Oh, my goodness, I was going to arrive at my destination well before they told me the three things I need to know.  Should I stay in my car and risk being late for my appointment while I wait for these vital pieces of information?  What will happen to me if I don’t hear these three crucial nuggets of wisdom?  Because if I need to know them, won’t the absence of knowing them surely have dire circumstances for me?

Could it be that I need to know that the American government is continuing to play intramural hardball with each other at the expense of the very people who voted them into office, the very people who they claim to have their best interests in mind?

Could it be that I need to know that former Olympian Bruce Jenner and his wife, Kris Jenner, are now officially separated after 22 years of marriage?

Could it be that I need to know that there are people who reacted sharply with racist comments and harsh accusations in response to Nina Davuluri becoming the most recent Miss America because of her Indian origin?

Could it be that I need to know that a young pregnant woman in Mexico City gave birth on the front lawn of a medical clinic after being denied care from the medical personnel inside the facility who told her she was not ready to deliver?

Or maybe I need to know that the foods I am eating are entirely wrong or what movies I must be watching.  Perhaps I need to know which preschools my children should be going to in order to ensure they will be successful adults or how to Feng Shui the furniture in my living room.  Maybe someone will tell me what car I’m supposed to be driving, what brand of jeans someone “my age” should wear, what length my hair is supposed to be.  And surely I need to know which politician is involved in the latest sex scandal.   And, of course, here is the big one that someone must tell me now:  which version of God I am supposed to be embracing?

Where does the long list of “things I need to know” end?

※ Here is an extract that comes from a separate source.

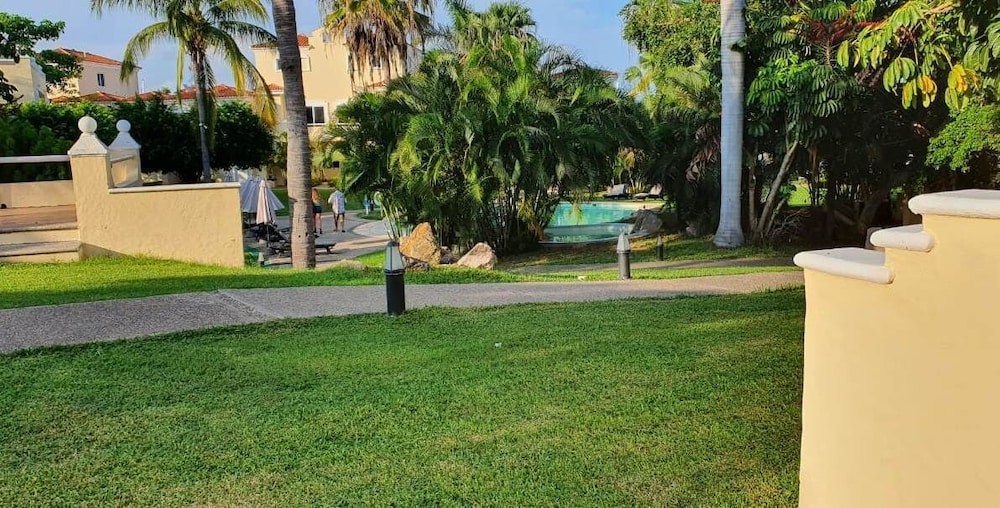 Condo P Iguana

And how is it that everyone else knows what I need to know, and I don’t?

Of course, I’m being slightly facetious here to make a point.  But how many times and in what kinds of ways are we being told we need something in our lives in order to be, do, or have something else?   In order to be happy?  In order to be abundant?  In order to be in a relationship?  And do we ever stop to consider where we are getting that information?

Buried deep beneath our belief that somehow we are incomplete, insufficient, less-than, it seems we have forgotten the nature of who we really are.  We have caused ourselves to miss entirely the opportunity to experience ourselves as the source of our own joy and happiness by looking to and accepting external sources of information for our answers and our truth, even when that information is not in alignment with our own wisdom.  Can you imagine a more perfectly vulnerable position for someone to be in if and when somebody else wants their truth to also be yours?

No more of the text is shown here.